And more recently, he has been appointed Chief Executive Officer (CEO) of Smart Mobile, which entered the highly competitive Sierra Leonean telecom market. Mr. Akwa believes his company can find a niche. At the moment, it’s all about planting the seed of growth. In this exclusive interview with Concord Times’ Ibrahim Seibure and Abu-Bakarr Sheriff, Mr. Akwa discusses his company’s prospects and Sierra Leone’s increasingly attractive investment climate. Excerpts…

Concord Times: Why did you decide to come to Sierra Leone to establish Smart mobile company?

Akwa: I believe that, overall, telecom internationally has evolved and matured over the last decade. A lot of countries have already undergone substantial consolidation of their mobile telecom industry. So, there are not that many places left in the world where mobile telecom business is still interesting for an investor. Obviously, there are a lot of countries where operators have established business; and some are still growing. But for any new entrant, the challenges have increased over the years.  Africa is probably one of the key markets where this is still possible, although at the same time it’s very competitive, but for the right set of expertise or skills, it’s still a very interesting market for operators. Having mentioned Africa, I think Sierra Leone is one of the few countries where this is potentially lucrative, although like I said before, it is challenging at the same time. But with the right amount of enthusiasm, resources and dedication, the green field market is still interesting for an incoming mobile telecom operator.

CT: Could you please tell us a bit about the Smart brand?

Akwa: The Smart brand is an international brand when it comes to this particular telecoms group. We do have operations in Eastern Africa. Just to name a few countries: Burundi, Tanzania, Uganda. Previously, the same brand was used in Asia – Cambodia. Our brand in some way also has value.

CT: What are your company’s core values?

Akwa: That’s a bit of an open ended questions. First of all, we try to match the competition. As a newcomer company, before we can run we need to learn how to walk, and that is the first step we need to take.

At the same time while this baby growth is taking place we would like to ensure that the quality of customer service is forever present and that the network quality is adequate to provide good value proposition to the consumer, and competition means that it doesn’t have to be cheaper, but rather a balance between value proposition and price is established that is acceptable to the target consumer market. We are also concerned about network quality and everything else that comes with the brand package.
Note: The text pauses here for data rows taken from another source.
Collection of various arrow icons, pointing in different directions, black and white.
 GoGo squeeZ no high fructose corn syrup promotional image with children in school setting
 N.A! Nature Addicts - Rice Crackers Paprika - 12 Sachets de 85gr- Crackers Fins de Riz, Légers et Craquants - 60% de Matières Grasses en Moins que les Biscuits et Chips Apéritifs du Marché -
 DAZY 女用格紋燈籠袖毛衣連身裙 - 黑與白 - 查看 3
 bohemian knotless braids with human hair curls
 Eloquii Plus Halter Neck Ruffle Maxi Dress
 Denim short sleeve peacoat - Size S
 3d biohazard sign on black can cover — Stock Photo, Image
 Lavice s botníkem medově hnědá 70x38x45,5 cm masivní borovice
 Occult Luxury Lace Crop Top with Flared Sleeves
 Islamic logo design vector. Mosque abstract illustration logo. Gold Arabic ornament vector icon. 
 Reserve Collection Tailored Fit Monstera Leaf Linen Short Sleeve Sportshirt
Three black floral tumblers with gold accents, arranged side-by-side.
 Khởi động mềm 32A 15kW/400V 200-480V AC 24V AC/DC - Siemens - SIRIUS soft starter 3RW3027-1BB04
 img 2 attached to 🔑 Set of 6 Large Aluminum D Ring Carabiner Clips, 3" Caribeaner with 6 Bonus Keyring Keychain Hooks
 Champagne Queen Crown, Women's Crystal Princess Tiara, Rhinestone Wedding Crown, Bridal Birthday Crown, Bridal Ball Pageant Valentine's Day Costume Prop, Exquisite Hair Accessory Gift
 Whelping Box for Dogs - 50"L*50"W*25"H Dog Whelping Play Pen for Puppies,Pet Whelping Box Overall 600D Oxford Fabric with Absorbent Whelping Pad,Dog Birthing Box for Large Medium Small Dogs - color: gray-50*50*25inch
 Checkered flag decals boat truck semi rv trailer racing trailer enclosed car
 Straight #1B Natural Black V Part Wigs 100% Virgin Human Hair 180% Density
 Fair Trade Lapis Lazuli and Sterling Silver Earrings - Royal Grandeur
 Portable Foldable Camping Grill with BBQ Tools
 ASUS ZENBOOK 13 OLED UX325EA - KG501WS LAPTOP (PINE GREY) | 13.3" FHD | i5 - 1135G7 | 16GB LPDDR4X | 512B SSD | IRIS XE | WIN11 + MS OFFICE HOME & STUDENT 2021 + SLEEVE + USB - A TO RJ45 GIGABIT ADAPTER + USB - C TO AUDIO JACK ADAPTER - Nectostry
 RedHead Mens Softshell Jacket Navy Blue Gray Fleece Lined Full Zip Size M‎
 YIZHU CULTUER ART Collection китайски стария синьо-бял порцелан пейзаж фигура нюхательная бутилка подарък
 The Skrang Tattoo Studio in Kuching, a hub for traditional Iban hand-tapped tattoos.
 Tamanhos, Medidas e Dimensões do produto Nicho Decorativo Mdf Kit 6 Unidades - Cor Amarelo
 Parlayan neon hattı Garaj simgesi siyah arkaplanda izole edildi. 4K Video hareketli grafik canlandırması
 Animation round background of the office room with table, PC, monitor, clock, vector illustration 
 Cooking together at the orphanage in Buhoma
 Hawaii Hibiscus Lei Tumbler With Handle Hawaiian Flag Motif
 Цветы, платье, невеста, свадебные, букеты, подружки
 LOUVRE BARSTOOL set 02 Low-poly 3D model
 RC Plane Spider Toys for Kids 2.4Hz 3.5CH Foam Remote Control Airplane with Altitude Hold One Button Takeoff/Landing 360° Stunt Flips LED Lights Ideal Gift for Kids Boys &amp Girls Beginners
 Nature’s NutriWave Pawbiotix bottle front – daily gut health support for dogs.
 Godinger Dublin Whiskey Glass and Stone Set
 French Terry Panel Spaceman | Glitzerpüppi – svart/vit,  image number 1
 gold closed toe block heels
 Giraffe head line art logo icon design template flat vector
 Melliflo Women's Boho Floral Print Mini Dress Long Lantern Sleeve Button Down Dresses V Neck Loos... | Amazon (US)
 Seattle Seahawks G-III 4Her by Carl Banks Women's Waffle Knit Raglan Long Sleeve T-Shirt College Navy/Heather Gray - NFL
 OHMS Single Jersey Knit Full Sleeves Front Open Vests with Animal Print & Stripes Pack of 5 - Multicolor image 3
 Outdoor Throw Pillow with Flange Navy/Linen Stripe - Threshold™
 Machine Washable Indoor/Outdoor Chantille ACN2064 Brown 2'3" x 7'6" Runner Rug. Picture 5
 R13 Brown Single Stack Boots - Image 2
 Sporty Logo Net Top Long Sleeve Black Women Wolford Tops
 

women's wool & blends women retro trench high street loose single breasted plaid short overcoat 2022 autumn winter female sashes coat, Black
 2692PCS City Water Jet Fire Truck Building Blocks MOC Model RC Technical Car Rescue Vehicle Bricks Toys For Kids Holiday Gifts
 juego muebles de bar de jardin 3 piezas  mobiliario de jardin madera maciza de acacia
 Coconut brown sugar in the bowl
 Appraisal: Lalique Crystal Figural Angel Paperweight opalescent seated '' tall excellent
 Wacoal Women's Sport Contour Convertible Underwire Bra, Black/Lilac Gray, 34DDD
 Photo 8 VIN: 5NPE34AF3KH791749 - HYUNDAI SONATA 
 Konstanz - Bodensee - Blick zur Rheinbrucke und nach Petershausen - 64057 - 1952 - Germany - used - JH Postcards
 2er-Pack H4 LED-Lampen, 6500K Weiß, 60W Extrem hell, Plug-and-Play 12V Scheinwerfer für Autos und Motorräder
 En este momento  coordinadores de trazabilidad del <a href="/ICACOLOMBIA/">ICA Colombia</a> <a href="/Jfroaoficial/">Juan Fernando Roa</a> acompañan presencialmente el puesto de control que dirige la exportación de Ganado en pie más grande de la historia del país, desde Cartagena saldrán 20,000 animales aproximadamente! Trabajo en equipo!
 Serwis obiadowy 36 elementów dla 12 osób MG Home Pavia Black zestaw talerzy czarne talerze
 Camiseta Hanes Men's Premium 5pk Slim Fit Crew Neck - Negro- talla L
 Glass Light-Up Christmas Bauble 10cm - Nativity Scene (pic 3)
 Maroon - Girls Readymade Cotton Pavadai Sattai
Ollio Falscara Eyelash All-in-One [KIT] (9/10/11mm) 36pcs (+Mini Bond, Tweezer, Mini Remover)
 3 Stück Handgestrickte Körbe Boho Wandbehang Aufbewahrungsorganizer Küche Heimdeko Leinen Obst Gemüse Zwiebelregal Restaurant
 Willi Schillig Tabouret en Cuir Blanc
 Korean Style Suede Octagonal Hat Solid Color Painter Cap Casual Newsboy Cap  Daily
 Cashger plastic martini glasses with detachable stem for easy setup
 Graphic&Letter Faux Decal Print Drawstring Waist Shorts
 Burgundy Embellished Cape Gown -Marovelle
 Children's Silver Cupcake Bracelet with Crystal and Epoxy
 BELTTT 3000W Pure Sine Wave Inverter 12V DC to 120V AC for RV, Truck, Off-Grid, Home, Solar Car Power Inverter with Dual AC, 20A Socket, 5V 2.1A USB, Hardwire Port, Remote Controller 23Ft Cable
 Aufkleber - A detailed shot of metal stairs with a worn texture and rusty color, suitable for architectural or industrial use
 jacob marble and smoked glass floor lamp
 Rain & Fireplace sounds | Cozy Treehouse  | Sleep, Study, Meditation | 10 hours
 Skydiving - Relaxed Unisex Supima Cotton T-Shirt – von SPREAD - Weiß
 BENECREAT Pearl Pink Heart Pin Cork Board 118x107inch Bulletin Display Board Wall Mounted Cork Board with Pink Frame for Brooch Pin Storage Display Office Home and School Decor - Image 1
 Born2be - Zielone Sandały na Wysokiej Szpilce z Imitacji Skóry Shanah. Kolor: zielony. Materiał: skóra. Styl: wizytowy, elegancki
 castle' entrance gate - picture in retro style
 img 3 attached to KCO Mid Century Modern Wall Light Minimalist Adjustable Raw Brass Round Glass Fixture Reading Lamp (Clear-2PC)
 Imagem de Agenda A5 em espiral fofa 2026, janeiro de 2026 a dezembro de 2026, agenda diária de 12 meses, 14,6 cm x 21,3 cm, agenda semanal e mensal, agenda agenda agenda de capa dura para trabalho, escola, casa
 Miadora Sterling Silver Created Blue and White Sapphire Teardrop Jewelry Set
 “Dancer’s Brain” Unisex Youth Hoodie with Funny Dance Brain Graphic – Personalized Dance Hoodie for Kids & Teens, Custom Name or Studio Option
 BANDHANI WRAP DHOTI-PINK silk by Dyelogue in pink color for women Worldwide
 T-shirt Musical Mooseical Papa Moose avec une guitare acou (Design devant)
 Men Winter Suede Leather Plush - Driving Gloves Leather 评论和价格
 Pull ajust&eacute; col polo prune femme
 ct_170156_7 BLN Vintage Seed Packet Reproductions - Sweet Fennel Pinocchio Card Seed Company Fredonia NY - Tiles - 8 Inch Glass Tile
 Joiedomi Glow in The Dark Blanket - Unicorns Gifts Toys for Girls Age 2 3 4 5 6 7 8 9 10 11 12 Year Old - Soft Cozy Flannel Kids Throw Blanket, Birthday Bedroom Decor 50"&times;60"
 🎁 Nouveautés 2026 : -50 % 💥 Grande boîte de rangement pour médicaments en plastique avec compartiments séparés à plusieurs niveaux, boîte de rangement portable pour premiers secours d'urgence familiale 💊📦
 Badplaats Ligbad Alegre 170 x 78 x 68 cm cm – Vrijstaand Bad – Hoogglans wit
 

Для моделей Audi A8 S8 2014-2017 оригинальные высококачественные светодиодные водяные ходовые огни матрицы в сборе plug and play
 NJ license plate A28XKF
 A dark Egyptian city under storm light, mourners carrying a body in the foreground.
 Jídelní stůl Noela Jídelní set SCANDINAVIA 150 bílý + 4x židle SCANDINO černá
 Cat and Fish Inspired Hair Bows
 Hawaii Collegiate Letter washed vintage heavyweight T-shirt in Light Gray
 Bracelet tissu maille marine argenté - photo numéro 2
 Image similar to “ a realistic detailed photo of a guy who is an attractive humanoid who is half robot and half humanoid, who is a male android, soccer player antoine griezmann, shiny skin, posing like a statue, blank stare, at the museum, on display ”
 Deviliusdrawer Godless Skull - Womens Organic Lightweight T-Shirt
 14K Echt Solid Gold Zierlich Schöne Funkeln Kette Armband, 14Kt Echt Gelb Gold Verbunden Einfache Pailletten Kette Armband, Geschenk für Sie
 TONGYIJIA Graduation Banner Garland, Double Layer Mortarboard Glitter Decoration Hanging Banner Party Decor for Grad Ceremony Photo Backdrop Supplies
CT: You mentioned countries where you are present – Eastern Africa and Cambodia in South East Asia. Both areas are underdeveloped parts of the world. Do you have a presence in developed regions like Europe or America?

Akwa:  No we don’t have a presence in developed countries.  The Group only has operations in countries that are developing. In Cambodia, we used to have an operation, but it was subsequently sold. This Group specializes in green field. Specialty lies in coming to a new market and establishing a new operator under a new license, not buying existing operators or some assistance from an operator or anything similar to this. Starting from scratch and building something, and then seeking an exit like any investor would do. That is not to say that we want to come as investors, make some money and leave.

CT: Can Sierra Leoneans buy shares in your company?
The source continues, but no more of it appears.